Connacht coach Andy Friend will let his squad enjoy the historic win over Ulster, but the province is intent on continuing their rise.

ANDY FRIEND ISN’T easily shaken out of his quiet, steady pose, but the Australian admitted there was palpable emotion just beneath the surface as the gravity of the result set in.

Colby Fainga'a celebrates Colby Fainga'a celebrates on his way to the changing room. Source: James Crombie/INPHO

Friday night marked the long-awaited end of Connacht’s losing run in Belfast, a 58-year stretch dating back to a 3-6 success in November 1960.

The outpouring of joy stretched across the generations; from young homegrown stars such as Sean O’Brien and Jack Carty, adopted sons like Paul Boyle or Bundee Aki, stalwarts behind the scenes like Nigel Carolan all the way up to club president Mossy Moran.

Friend had spent the week, and a portion of the post-match press conference, insisting that 58 years of hurt had not figured in his pre-match preparation or team-talk. When the result was in the books, though, there was no more keeping the landmark off the agenda.

“I think that will probably hit us,” nodded the head coach when the historical magnitude of the 15-22 win was put to him.

“We had our president, Mossy, in the changing room and he said: ’60 years we’ve not won here’. I’m super proud’ You can see how much it matters.

When you have young players playing and a new coach coming in, you probably don’t appreciate until after it’s happened how much it does mean to people.”

It means a heck of a lot, especially to the handful of loyal Westerners who made the trek north-east in the hope of witnessing a professional-era first. Even with a 14-point lead, a red card and time going against Ulster, those fans couldn’t truly revel in the match until Bundee Aki stole possession to put the visitors 8-22 up.

Matt Healy and Bundee Aki celebrate a late try Source: James Crombie/INPHO

“You hear Connacht fans singing the ‘Fields of Athenry’ in the Kingspan, I’m told it’s pretty special and doesn’t happen often. Maybe it’s 60 years ago.

“They’re the moments you remember. I’m just proud of the way these blokes played.”

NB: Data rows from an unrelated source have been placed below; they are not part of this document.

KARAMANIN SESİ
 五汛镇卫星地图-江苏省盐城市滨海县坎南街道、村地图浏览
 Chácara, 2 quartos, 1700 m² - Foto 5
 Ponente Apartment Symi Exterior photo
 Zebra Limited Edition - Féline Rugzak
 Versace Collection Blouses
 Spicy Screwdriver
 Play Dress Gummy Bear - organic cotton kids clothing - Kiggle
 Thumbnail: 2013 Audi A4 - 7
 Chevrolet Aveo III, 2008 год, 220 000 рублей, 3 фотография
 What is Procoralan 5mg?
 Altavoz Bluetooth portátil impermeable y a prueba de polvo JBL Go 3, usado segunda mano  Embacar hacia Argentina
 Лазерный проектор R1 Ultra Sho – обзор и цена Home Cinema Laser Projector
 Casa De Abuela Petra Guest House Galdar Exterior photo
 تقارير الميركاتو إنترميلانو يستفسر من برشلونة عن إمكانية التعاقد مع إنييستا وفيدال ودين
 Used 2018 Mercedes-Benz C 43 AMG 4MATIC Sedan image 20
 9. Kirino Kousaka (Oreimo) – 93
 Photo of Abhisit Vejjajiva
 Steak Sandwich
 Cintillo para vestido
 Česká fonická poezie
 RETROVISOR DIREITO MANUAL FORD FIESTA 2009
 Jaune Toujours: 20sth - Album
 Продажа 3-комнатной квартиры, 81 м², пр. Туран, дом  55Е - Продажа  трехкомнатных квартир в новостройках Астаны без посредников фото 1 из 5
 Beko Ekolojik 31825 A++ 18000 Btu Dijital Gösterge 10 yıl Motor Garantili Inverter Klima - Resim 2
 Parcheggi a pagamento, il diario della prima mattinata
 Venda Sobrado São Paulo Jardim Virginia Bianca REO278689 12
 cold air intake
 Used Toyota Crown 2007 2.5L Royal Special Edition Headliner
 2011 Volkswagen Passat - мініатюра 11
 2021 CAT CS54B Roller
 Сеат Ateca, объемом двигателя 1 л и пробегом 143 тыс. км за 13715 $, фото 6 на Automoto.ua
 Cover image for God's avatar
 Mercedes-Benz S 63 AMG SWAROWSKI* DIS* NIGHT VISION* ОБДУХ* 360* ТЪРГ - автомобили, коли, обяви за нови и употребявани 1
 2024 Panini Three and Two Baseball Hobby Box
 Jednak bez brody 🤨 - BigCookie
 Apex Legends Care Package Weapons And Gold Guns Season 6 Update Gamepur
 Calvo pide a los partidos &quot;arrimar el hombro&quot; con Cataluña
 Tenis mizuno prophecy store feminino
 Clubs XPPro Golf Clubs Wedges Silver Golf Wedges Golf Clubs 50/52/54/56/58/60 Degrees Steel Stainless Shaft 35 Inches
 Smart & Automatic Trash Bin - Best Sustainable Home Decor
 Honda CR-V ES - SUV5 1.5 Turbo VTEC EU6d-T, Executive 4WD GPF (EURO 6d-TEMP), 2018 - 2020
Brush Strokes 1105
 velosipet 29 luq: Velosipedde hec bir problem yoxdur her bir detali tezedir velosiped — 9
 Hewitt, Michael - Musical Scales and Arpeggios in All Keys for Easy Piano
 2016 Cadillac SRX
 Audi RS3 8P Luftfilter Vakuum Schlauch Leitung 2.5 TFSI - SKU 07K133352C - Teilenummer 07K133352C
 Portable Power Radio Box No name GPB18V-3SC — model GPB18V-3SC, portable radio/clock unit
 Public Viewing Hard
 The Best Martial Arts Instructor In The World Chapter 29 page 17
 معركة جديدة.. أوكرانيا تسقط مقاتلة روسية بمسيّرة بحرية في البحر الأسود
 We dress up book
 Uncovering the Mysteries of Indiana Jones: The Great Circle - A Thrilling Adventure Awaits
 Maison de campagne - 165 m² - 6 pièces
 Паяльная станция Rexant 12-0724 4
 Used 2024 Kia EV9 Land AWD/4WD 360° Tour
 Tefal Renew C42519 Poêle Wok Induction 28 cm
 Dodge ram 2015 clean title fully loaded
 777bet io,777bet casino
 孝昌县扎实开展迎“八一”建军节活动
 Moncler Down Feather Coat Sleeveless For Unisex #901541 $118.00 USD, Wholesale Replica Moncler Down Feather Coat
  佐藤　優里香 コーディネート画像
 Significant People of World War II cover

In particular, Friend singled his captain out for praise. From the off, it seemed as though Jarrad Butler believed that the regular rhythm of a rugby game wasn’t going to cut it. So the potential for 3, 6, 9 scoreboard pressure was cast aside in favour of an enthralling bout of scrums leading to a penalty try.

When he wasn’t topping the tackle charts (25), Butler backed his pack time and again – even if it may have been advisable to start pointing for the posts after Matty Rea was sent off.

That brash confidence wouldn’t have been possible with a supreme pack effort. So often Finlay Bealham and Denis Buckley, quite rightly, come in for high praise because of their ball-playing ability. On Friday they were old school props, hungrily scrummaging the night away.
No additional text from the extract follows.